## INFORMATION

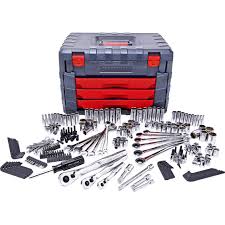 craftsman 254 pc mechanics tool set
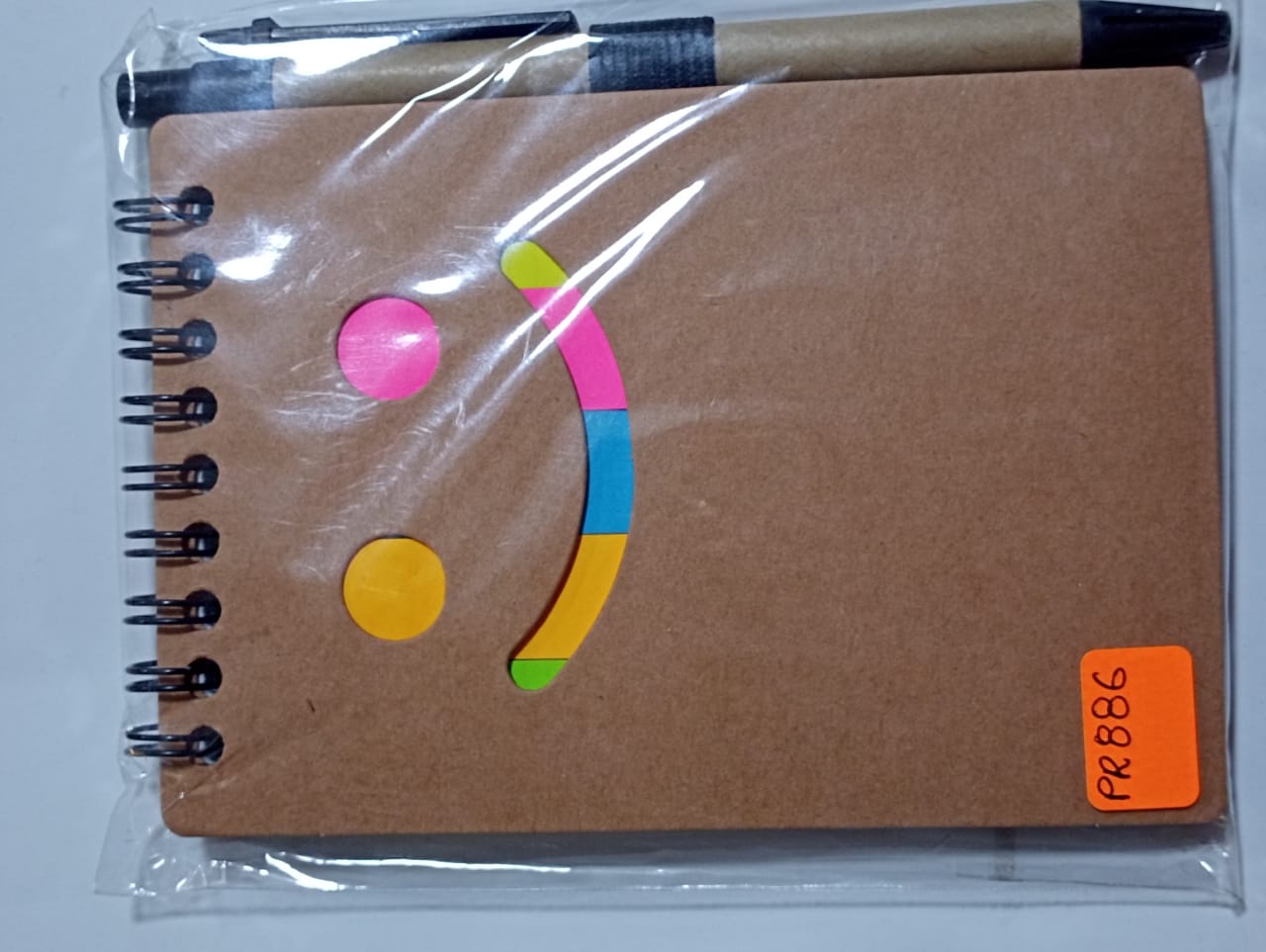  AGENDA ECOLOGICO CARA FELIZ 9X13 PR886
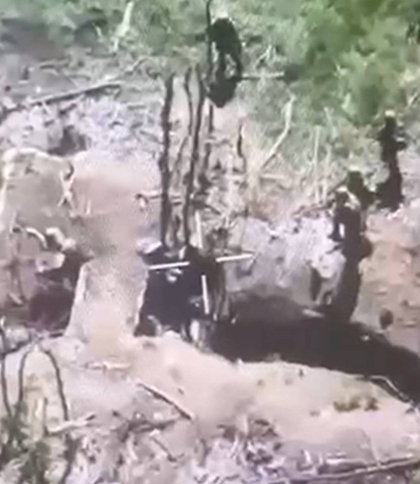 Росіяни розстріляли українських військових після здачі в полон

==

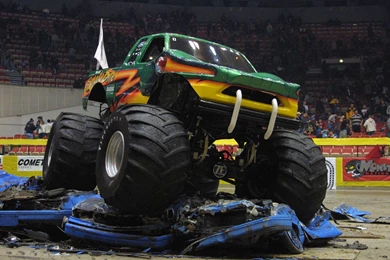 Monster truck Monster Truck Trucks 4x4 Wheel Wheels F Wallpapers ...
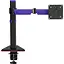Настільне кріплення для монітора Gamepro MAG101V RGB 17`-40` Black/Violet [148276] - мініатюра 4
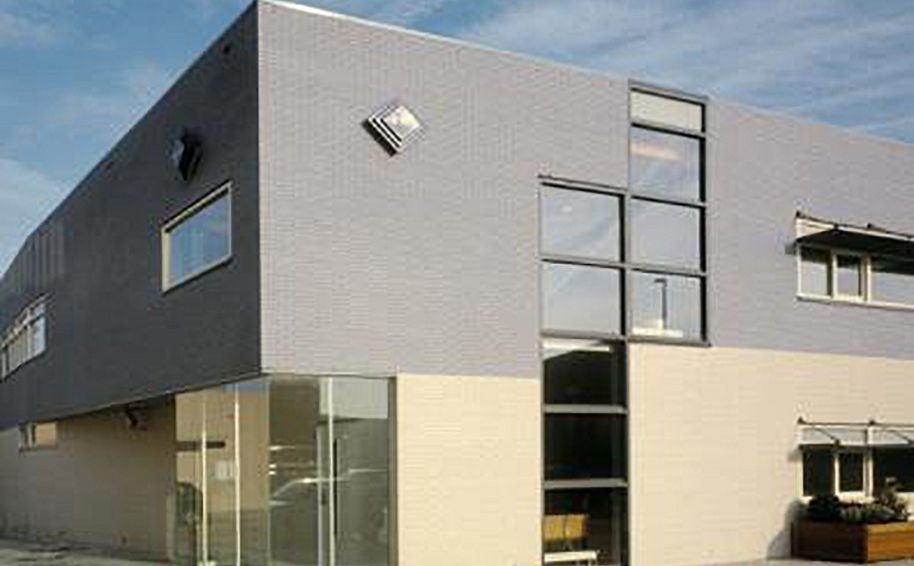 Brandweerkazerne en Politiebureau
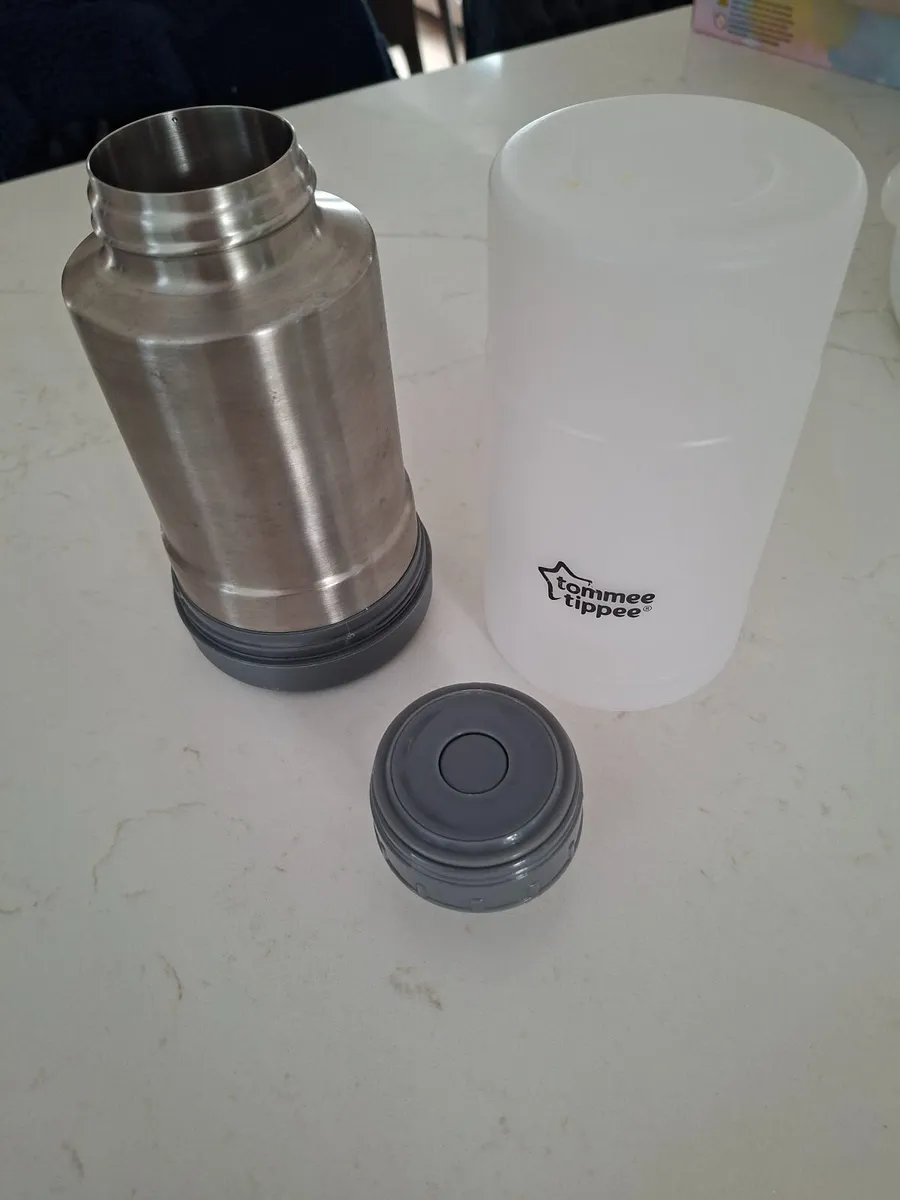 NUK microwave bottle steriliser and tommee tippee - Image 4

## YOUR TASK
Only the lines starting at the one that includes "craftsman 254 pc mechanics tool set" and ending at the one that includes "Росіяни розстріляли українських" should be retyped, exactly, from the records above; no pictures.

## REPLY
 craftsman 254 pc mechanics tool set
  AGENDA ECOLOGICO CARA FELIZ 9X13 PR886
 Росіяни розстріляли українських військових після здачі в полон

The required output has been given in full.